O município de Cajamar registrou o primeiro caso suspeito de dengue em 2026, segundo dados do Painel de Monitoramento de Arboviroses do Governo do Estado de São Paulo. Até o momento, não há casos confirmados da doença, nem notificações positivas, apenas um registro que segue em investigação pelas autoridades de saúde.
A notificação acende um sinal de alerta para o início do período mais crítico de circulação do Aedes aegypti, mosquito transmissor da dengue, da zika e da chikungunya, especialmente durante os meses de calor e chuvas intensas, que favorecem a proliferação do vetor.
De acordo com o histórico epidemiológico do município, em 2025 Cajamar contabilizou 131 casos confirmados de dengue, sem registro de óbitos.
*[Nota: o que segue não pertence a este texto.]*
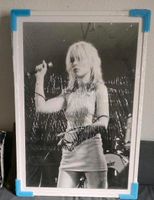 Blondie Debbie Harry Poster mit Rahmen 60x90 Bonn - Nordstadt  Vorschau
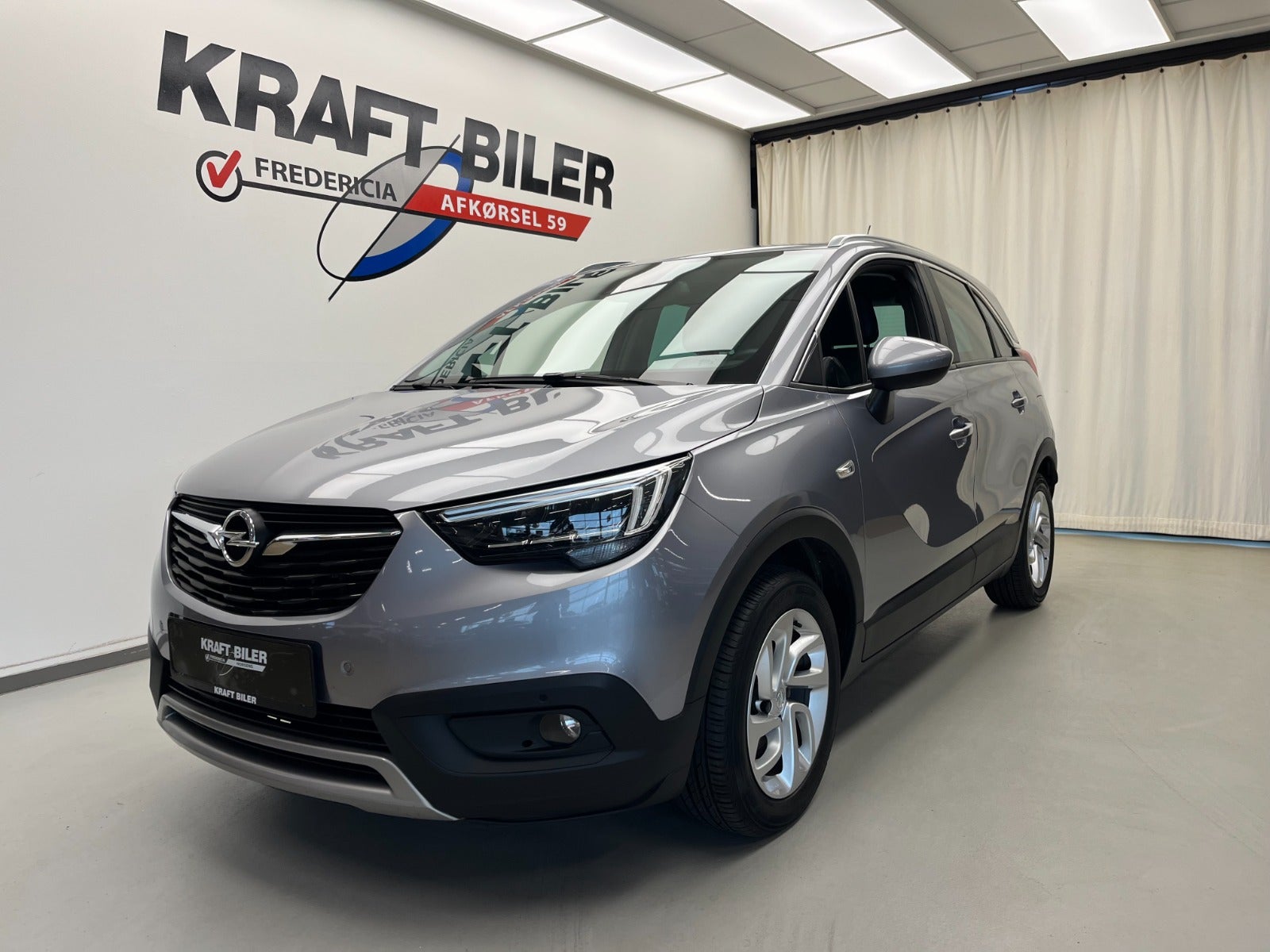 Billede af Opel Crossland X 1,2 Elegance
Naquele ano, dois casos foram classificados como graves, e a incidência da doença chegou a 134,98 casos por 100 mil habitantes, índice que exigiu atenção constante da rede de saúde.
O cenário mais preocupante, no entanto, foi registrado em 2024, quando Cajamar enfrentou o maior surto de dengue de sua história, com 2.090 casos positivos e cinco mortes confirmadas em decorrência da doença. O aumento expressivo colocou o município em estado de alerta máximo e motivou ações intensificadas de combate ao mosquito.
Na região, a preocupação também cresce. Em Caieiras, cidade vizinha, já foi confirmado o primeiro caso de dengue em 2026, o que reforça a necessidade de vigilância integrada entre os municípios da Região Metropolitana.
As autoridades de saúde alertam que a prevenção continua sendo a principal arma contra a dengue. Medidas simples, como eliminar recipientes que acumulam água, manter caixas d’água bem vedadas e permitir o acesso de agentes de endemias às residências, são fundamentais para evitar a reprodução do mosquito.
A Secretaria de Saúde orienta que, ao apresentar sintomas como febre alta, dores no corpo, dor atrás dos olhos, manchas vermelhas na pele ou mal-estar intenso, a população procure imediatamente uma unidade de saúde e evite a automedicação. O monitoramento segue ativo, e novas atualizações devem ser divulgadas conforme o avanço das investigações.